Application Classification

The application classification (AC) workflow is an implementation of probabalistic graph matching via belief propagation. The workflow takes two node- and edge-attributed graphs as input -- a data graph G = (U_G, E_G) and a pattern graph P = (U_P, E_P). The goal is to find a subgraph S of G such that the dissimilarity between the node/edge features of P and S is minimized. The matching is optimized via loopy belief propagation, which consists of iteratively passing messages between nodes then updating beliefs about the optimal match.

Summary of Results

Application classification involves a number of dense-matrix operations, which did not make it an obvious candidate for implementation in Gunrock. However, our GPU implementation using the CUDA CUB library shows substantial speedups (10-50x) over the multi-threaded OpenMP implementations.

However, there are two neighbor reduce operations that may benefit from the kind of load balancing implemented in Gunrock. Thus, it would be useful to either expose lightweight wrappers of high-performance Gunrock primitives for easy intergration into outside projects or come up with a workflow inside of Gunrock that makes programming applications with lots of non-graph operations straightforward.

Summary of CUDA Implementation

We implement application classification from scratch in CUDA using CUB rather than Gunrock. Application classification requires the following kernels:

Apart from the last one, these kernels do not obviously map to Gunrock's advance/filter model.

Pseudocode for the core belief propagation algorithm is as follows:

for iteration in range(num_iterations):

    # Update edge messages
    edge_msg_f = diff_r[data_edges.srcs] - edge_distances # data.num_edges x pattern.num_edges
    edge_msg_r = diff_f[data_edges.srcs] - edge_distances # data.num_edges x pattern.num_edges

    # Normalize edge messages
    edge_msg_f = normprob(edge_msg_f)
    edge_msg_r = normprob(edge_msg_r)

    # Max of forward/backward messages
    f_null = columnwise_max(diff_f)                           # 1 x pattern.num_edges
    r_null = columnwise_max(diff_r)                           # 1 x pattern.num_edges
    for edge_idx, (src, dst) in enumerate(data_edges):
        max_r[src] = max(max_r[src], edge_msg_r[edge_idx], f_null)
        max_f[dst] = max(max_f[dst], edge_msg_f[edge_idx], r_null)

    # Update beliefs
    belief = - node_distances                              # data.num_nodes x patt.num_nodes
    for edge_idx, (src, dst) in enumerate(pattern_edges):
        belief[:,dst] += max_f[:,edge_idx]
        belief[:,src] += max_r[:,edge_idx]

    # Normalize beliefs
    belief = normprob(belief)

    diff_f = belief[:,pattern_edges.dsts] - max_f          # data.num_nodes x pattern.num_edges
    diff_r = belief[:,pattern_edges.srcs] - max_r          # data.num_nodes x pattern.num_edges

where normprob is the column-wise log-softmax function. That is, since belief is data.num_nodes x patt.num_nodes, each node in the pattern graph gets assigned a probability distribution over nodes in the data graph.

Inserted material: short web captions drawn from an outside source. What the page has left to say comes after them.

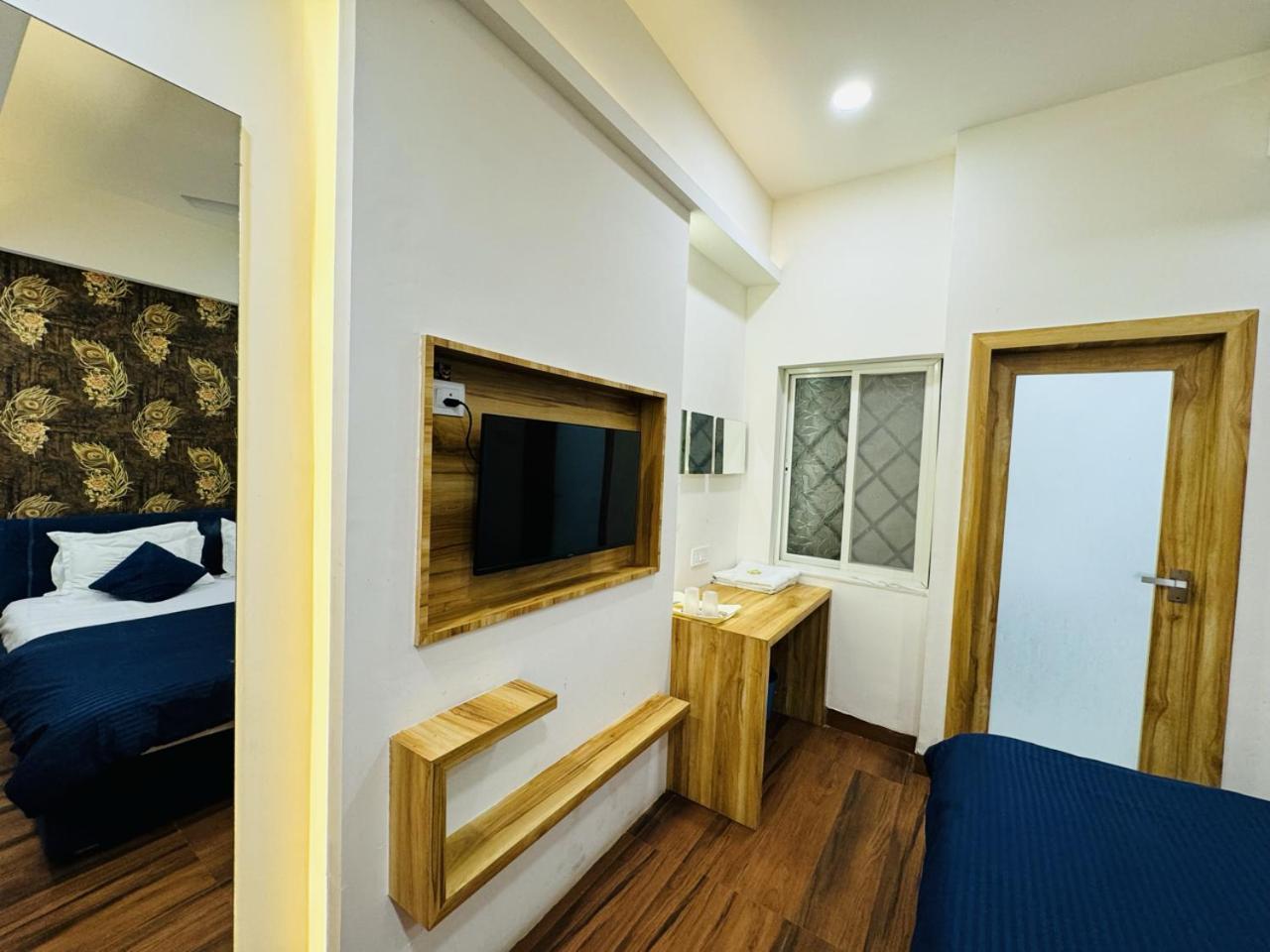 Hotel Shree Mahakal Krapa Удджайн Экстерьер фото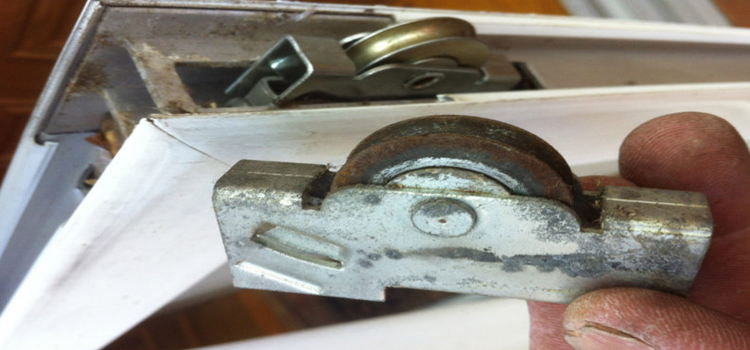screen door roller repair in Redwood City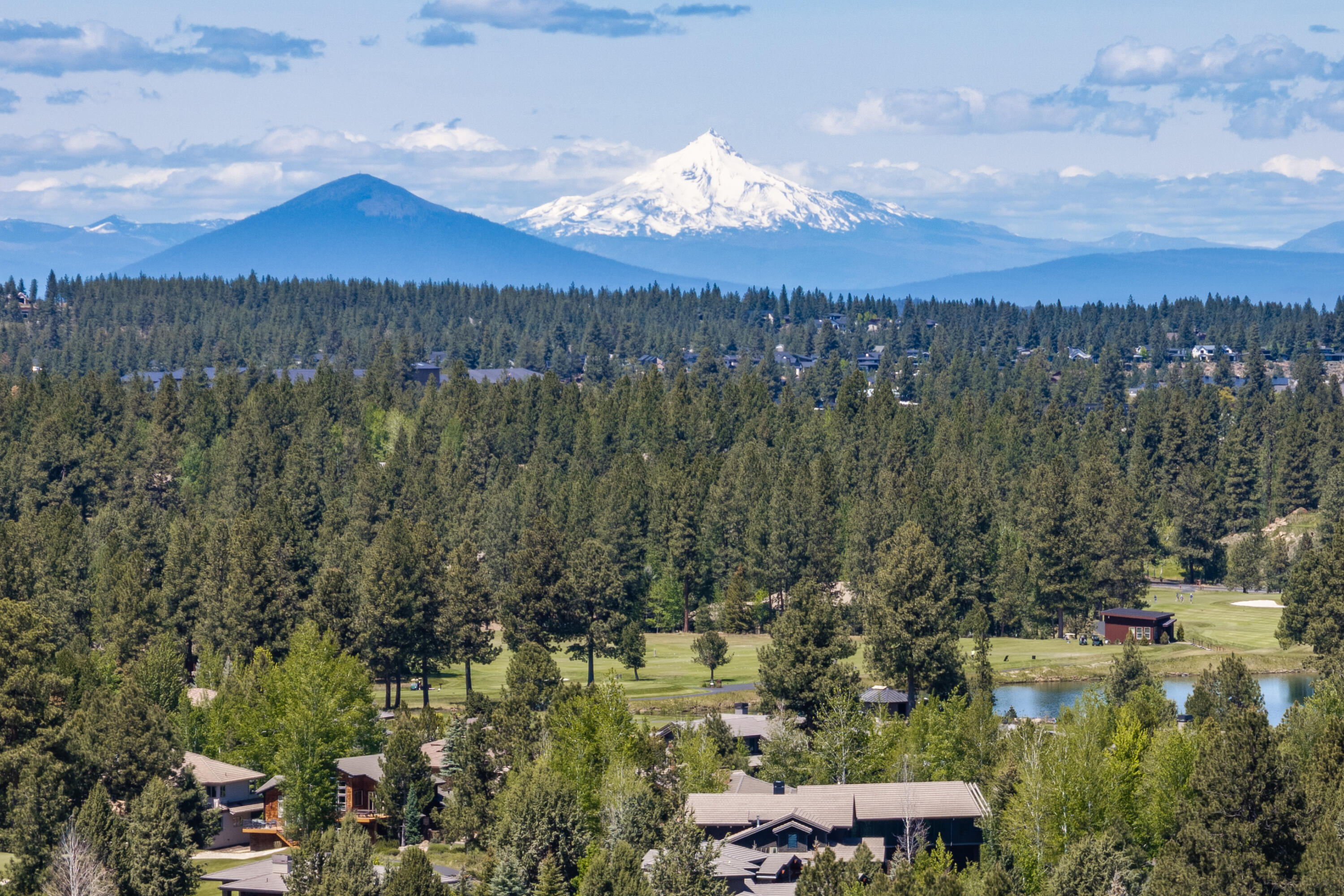 19307 Blue Lake Loop Bend, OR 97702 - Photo 46 of 58 2026_05_19_19307_blue_lake_loop-77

Our implementation is based on the PNNL implementation rather than the distributed GraphX reference implementation. On all of the graphs we've tested, the output of our implementation exactly matches the output of the PNNL code. According to PNNL, their implementation may give different results than the HIVE reference implementation (due to e.g., different normalization schemes).

How To Run This Application on DARPA's DGX-1

Prereqs/input

git clone --recursive \
        https://github.com/owensgroup/application_classification
cd application_classification
make clean
make

Running the application

Example Command

mkdir -p results
./main \
    ./data/georgiyData.Vertex.csv \
    ./data/georgiyData.Edges.csv \
    ./data/georgiyPattern.Vertex.csv \
    ./data/georgiyPattern.Edges.csv > results/georgiy

Example output

$ head -n 5 results/georgiy
-8.985810e+00
-3.859019e+01
-4.470994e+01
-1.673157e+01
-1.730952e+01
$ tail -n 5 results/georgiy
-2.886186e+01
-1.499165e+01
-4.034595e+01
-1.060496e+01
-7.684015e+00
$ cat results/georgiy | openssl md5
(stdin)= bd57a5126d5f943ad5c15408d410790d

Expected Output

The output of the program is a data.num_nodes x pattern.num_nodes matrix, where each column represents a log-probability distribution of assignments of pattern node j to data node i. This matrix is printed in row major order as a file with data.num_nodes x pattern.num_nodes lines.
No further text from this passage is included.